■ What you need to do: Each entry below is to be copied out exactly and in full.

[Opening Given records section]

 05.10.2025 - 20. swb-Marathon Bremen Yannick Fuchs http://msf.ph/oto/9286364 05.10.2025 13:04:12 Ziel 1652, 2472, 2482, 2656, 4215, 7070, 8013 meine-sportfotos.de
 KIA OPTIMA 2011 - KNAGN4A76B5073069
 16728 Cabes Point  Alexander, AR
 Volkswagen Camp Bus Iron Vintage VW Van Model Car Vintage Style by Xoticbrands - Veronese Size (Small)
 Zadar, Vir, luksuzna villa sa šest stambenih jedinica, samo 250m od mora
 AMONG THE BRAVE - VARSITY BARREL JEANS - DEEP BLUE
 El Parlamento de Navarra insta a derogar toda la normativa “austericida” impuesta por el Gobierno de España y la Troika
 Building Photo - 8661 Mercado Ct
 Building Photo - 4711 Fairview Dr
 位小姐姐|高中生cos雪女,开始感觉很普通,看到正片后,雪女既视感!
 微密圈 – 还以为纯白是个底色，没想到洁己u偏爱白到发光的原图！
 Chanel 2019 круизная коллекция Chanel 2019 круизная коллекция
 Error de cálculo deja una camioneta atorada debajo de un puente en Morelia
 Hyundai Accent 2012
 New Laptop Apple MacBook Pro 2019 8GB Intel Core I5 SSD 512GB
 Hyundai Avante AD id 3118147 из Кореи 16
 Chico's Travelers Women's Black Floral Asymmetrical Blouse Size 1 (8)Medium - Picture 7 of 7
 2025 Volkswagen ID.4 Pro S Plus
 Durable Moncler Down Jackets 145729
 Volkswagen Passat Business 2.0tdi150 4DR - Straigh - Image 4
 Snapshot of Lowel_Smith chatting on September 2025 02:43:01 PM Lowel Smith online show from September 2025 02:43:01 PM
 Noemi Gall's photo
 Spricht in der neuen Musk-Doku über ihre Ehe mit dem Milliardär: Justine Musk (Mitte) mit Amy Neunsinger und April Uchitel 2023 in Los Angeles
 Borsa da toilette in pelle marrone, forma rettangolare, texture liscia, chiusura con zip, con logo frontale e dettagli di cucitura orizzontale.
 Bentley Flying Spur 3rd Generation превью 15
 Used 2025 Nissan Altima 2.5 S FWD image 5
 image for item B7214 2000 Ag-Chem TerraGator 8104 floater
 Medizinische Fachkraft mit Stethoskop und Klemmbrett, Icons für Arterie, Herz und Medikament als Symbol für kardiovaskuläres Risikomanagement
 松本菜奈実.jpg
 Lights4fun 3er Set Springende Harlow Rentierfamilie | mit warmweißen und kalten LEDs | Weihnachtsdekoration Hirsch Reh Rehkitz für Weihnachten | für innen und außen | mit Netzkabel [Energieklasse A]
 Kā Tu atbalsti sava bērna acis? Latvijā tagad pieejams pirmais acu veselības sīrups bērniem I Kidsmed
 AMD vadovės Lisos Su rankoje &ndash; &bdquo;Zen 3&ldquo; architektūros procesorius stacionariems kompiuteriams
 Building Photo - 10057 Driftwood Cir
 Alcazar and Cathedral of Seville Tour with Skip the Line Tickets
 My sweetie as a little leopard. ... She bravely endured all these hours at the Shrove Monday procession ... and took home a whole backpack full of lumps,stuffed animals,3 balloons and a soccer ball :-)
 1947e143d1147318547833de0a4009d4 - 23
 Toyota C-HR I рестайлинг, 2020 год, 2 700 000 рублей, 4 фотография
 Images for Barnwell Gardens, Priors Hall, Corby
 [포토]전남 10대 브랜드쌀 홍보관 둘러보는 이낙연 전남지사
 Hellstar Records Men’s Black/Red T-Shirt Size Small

[Closing Given records section]

■ Answer section:
 05.10.2025 - 20. swb-Marathon Bremen Yannick Fuchs http://msf.ph/oto/9286364 05.10.2025 13:04:12 Ziel 1652, 2472, 2482, 2656, 4215, 7070, 8013 meine-sportfotos.de
 KIA OPTIMA 2011 - KNAGN4A76B5073069
 16728 Cabes Point  Alexander, AR
 Volkswagen Camp Bus Iron Vintage VW Van Model Car Vintage Style by Xoticbrands - Veronese Size (Small)
 Zadar, Vir, luksuzna villa sa šest stambenih jedinica, samo 250m od mora
 AMONG THE BRAVE - VARSITY BARREL JEANS - DEEP BLUE
 El Parlamento de Navarra insta a derogar toda la normativa “austericida” impuesta por el Gobierno de España y la Troika
 Building Photo - 8661 Mercado Ct
 Building Photo - 4711 Fairview Dr
 位小姐姐|高中生cos雪女,开始感觉很普通,看到正片后,雪女既视感!
 微密圈 – 还以为纯白是个底色，没想到洁己u偏爱白到发光的原图！
 Chanel 2019 круизная коллекция Chanel 2019 круизная коллекция
 Error de cálculo deja una camioneta atorada debajo de un puente en Morelia
 Hyundai Accent 2012
 New Laptop Apple MacBook Pro 2019 8GB Intel Core I5 SSD 512GB
 Hyundai Avante AD id 3118147 из Кореи 16
 Chico's Travelers Women's Black Floral Asymmetrical Blouse Size 1 (8)Medium - Picture 7 of 7
 2025 Volkswagen ID.4 Pro S Plus
 Durable Moncler Down Jackets 145729
 Volkswagen Passat Business 2.0tdi150 4DR - Straigh - Image 4
 Snapshot of Lowel_Smith chatting on September 2025 02:43:01 PM Lowel Smith online show from September 2025 02:43:01 PM
 Noemi Gall's photo
 Spricht in der neuen Musk-Doku über ihre Ehe mit dem Milliardär: Justine Musk (Mitte) mit Amy Neunsinger und April Uchitel 2023 in Los Angeles
 Borsa da toilette in pelle marrone, forma rettangolare, texture liscia, chiusura con zip, con logo frontale e dettagli di cucitura orizzontale.
 Bentley Flying Spur 3rd Generation превью 15
 Used 2025 Nissan Altima 2.5 S FWD image 5
 image for item B7214 2000 Ag-Chem TerraGator 8104 floater
 Medizinische Fachkraft mit Stethoskop und Klemmbrett, Icons für Arterie, Herz und Medikament als Symbol für kardiovaskuläres Risikomanagement
 松本菜奈実.jpg
 Lights4fun 3er Set Springende Harlow Rentierfamilie | mit warmweißen und kalten LEDs | Weihnachtsdekoration Hirsch Reh Rehkitz für Weihnachten | für innen und außen | mit Netzkabel [Energieklasse A]
 Kā Tu atbalsti sava bērna acis? Latvijā tagad pieejams pirmais acu veselības sīrups bērniem I Kidsmed
 AMD vadovės Lisos Su rankoje &ndash; &bdquo;Zen 3&ldquo; architektūros procesorius stacionariems kompiuteriams
 Building Photo - 10057 Driftwood Cir
 Alcazar and Cathedral of Seville Tour with Skip the Line Tickets
 My sweetie as a little leopard. ... She bravely endured all these hours at the Shrove Monday procession ... and took home a whole backpack full of lumps,stuffed animals,3 balloons and a soccer ball :-)
 1947e143d1147318547833de0a4009d4 - 23
 Toyota C-HR I рестайлинг, 2020 год, 2 700 000 рублей, 4 фотография
 Images for Barnwell Gardens, Priors Hall, Corby
 [포토]전남 10대 브랜드쌀 홍보관 둘러보는 이낙연 전남지사
 Hellstar Records Men’s Black/Red T-Shirt Size Small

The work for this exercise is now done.